Im overfitting a CNN on 3 data samples one of each class. During training i run for 15 epochs.
The loss is decreasing beautifully.
However when i want to find train accuracy, i run the same three images through, with model.eval() and the model just predict constant class and thus gets 33.3 percent accuracy.
If i use model.train() it gets 100 percent accuracy. This is what i expect as the loss is so low and the model have overfitted.
And remember its the same three samples i use when training which is should be able to fit perfectly.
Is there something i have misunderstod? I use batchnorm layers and dropout so i thought i had to use model.eval() in order to use the neurons that have been dropped etc.
BatchNorm layers might have a wrong estimate of the running mean and std if you just use 3 samples.
Try to remove them or use something like
InstanceNorm for such a small sample.
I tried for a slightly larger data set (50 samples), the loss still decreases and i still overfit (after around 25 epochs).
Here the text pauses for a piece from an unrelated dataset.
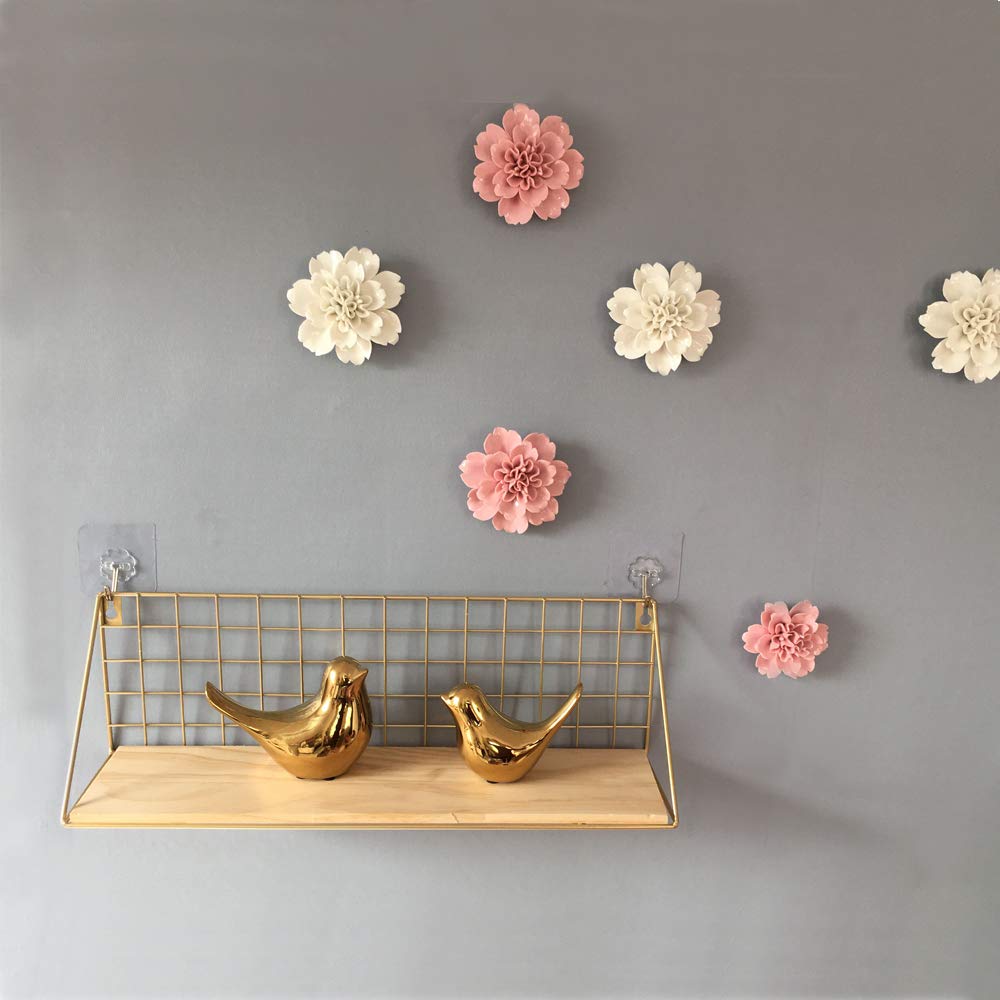 Ceramic Wall Flowers Decor Handmade 3D Wall Art Hanging Sculpture White 3.54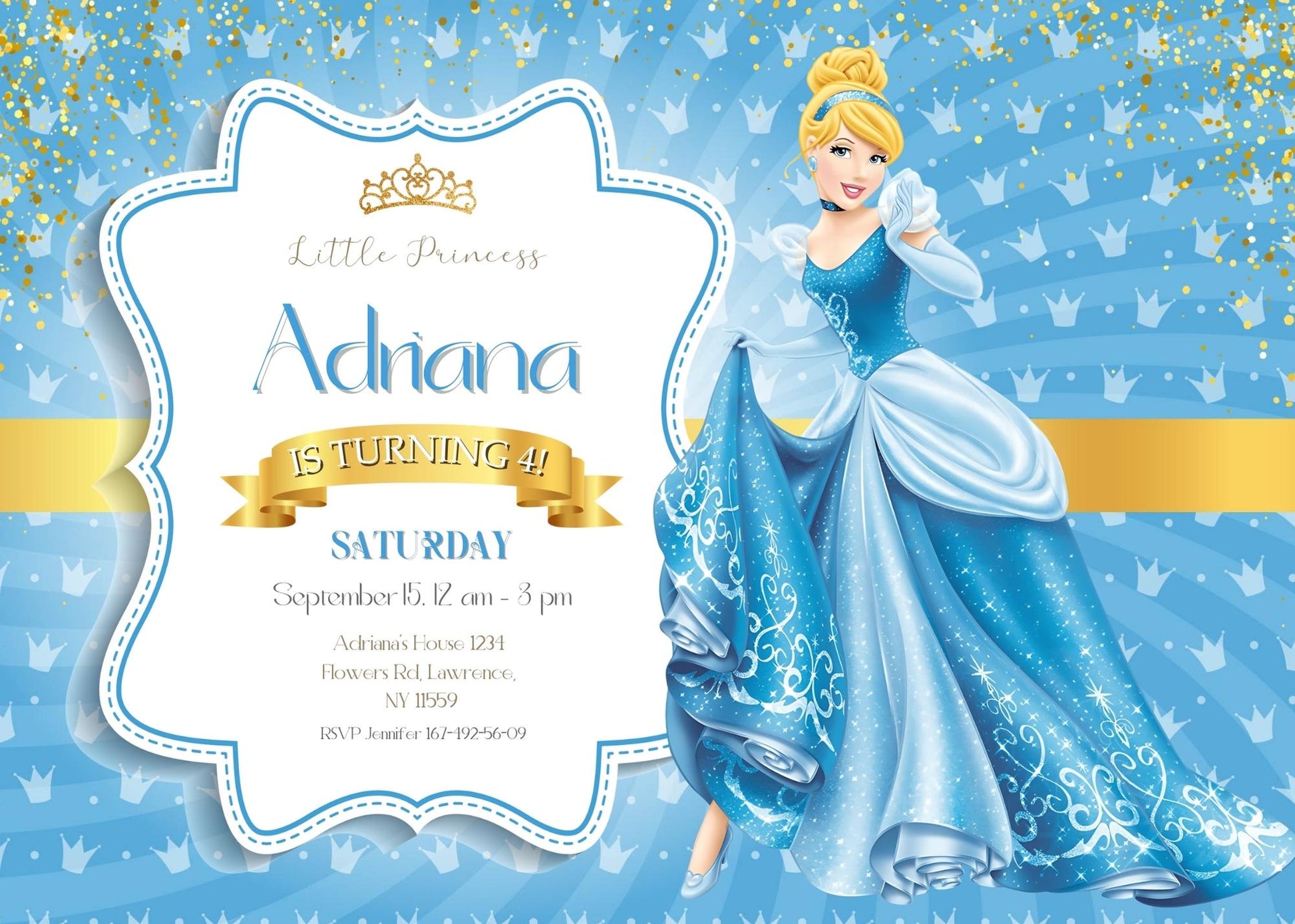 Cinderella Princess customizable invitation template | Share or Print | girl | OB003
But this is still only with model.train() and not with model.eval(). With model.eval() the accuracies never increases, even with dropping loss.
The testing stays same through entire training.
I will try using InstanceNorm() and see if that improves the issue.
I think, this is interesting. By whatever idealogy that we know about training, testing paradigm, I would hope that whatever the data we train on, the model already knows/can memorize them. Given that the model is trained to the level to overfit those data, I would not expect the model to perform pretty bad on the same data.